What you have to do ->
For this exercise, copy exactly the lines below from the one with "unfurnished room with" through the one with "Casa de ladrillo" and leave out the pictures.

[Supplied records — start]

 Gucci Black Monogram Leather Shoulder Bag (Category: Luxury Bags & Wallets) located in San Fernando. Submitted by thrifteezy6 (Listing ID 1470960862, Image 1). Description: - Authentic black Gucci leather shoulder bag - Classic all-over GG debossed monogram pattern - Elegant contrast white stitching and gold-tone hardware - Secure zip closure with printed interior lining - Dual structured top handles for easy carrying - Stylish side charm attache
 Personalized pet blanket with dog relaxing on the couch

[Supplied records — finish]
[Supplied records — start]

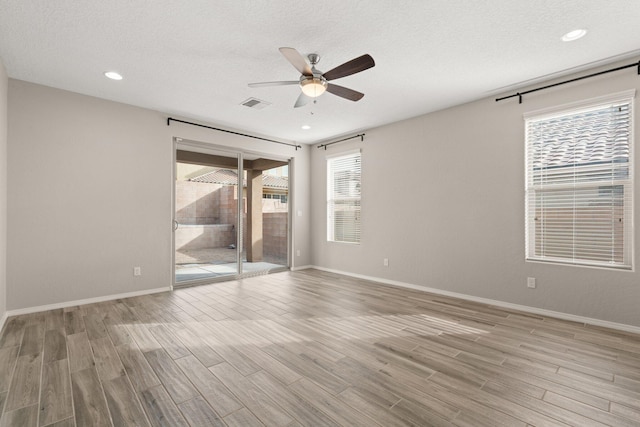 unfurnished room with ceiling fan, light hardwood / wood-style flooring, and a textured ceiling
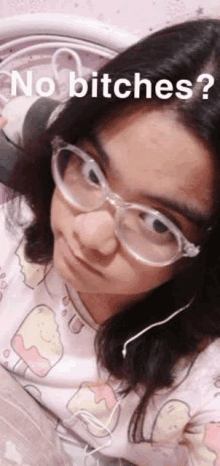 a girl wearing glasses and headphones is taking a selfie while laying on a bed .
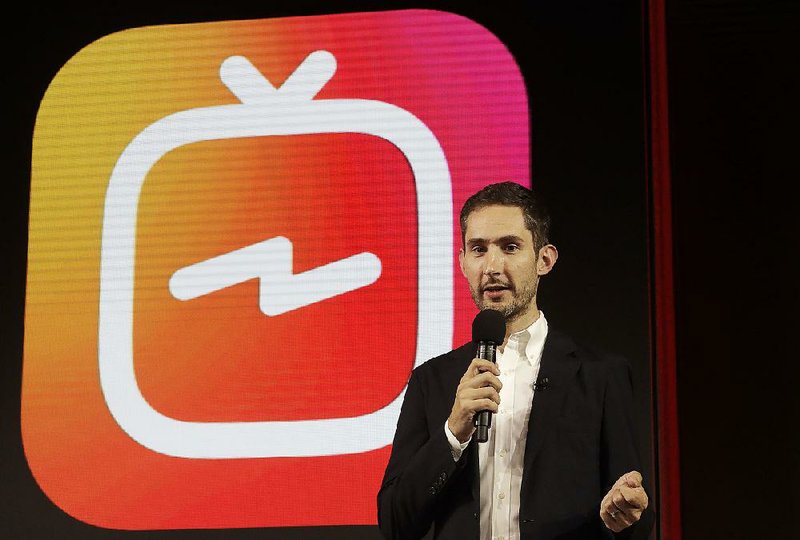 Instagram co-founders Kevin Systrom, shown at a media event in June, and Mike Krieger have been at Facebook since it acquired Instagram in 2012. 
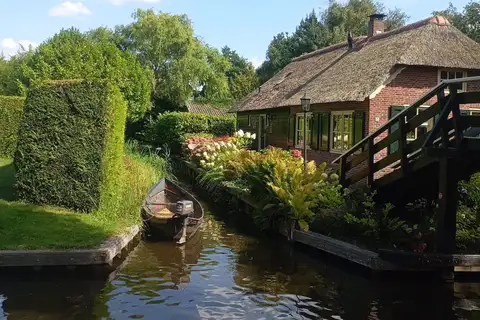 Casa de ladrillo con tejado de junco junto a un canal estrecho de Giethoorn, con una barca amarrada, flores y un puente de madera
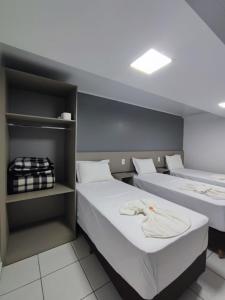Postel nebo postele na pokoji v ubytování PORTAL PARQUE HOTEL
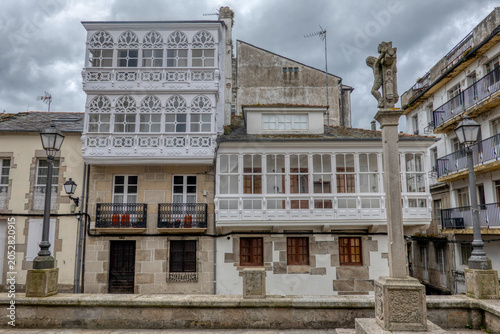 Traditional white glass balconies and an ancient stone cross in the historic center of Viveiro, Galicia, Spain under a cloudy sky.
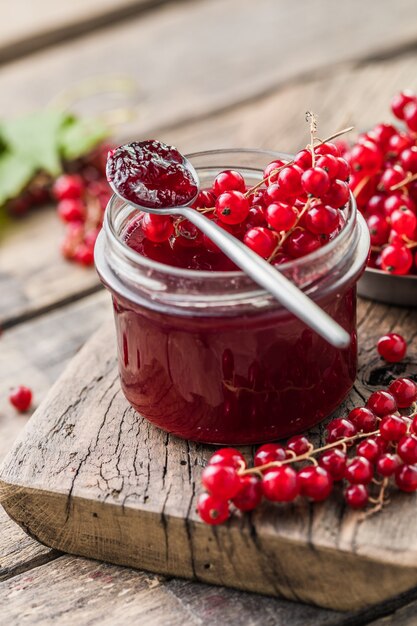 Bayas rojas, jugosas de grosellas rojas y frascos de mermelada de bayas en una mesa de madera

[Supplied records — finish]
[Supplied records — start]

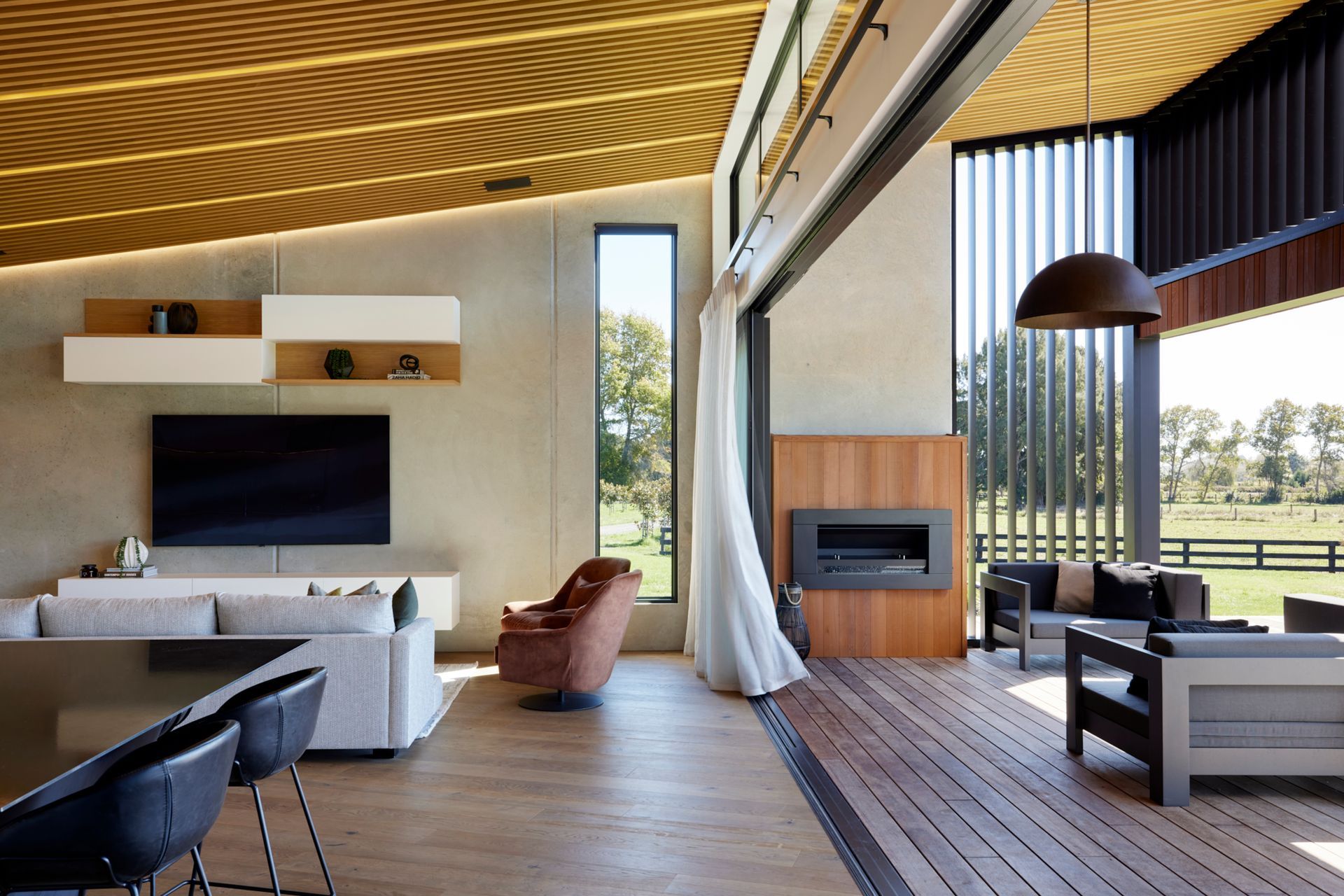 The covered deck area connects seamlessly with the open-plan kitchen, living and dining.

[Supplied records — finish]

Exercise response ->
 unfurnished room with ceiling fan, light hardwood / wood-style flooring, and a textured ceiling
 a girl wearing glasses and headphones is taking a selfie while laying on a bed .
 Instagram co-founders Kevin Systrom, shown at a media event in June, and Mike Krieger have been at Facebook since it acquired Instagram in 2012. 
 Casa de ladrillo con tejado de junco junto a un canal estrecho de Giethoorn, con una barca amarrada, flores y un puente de madera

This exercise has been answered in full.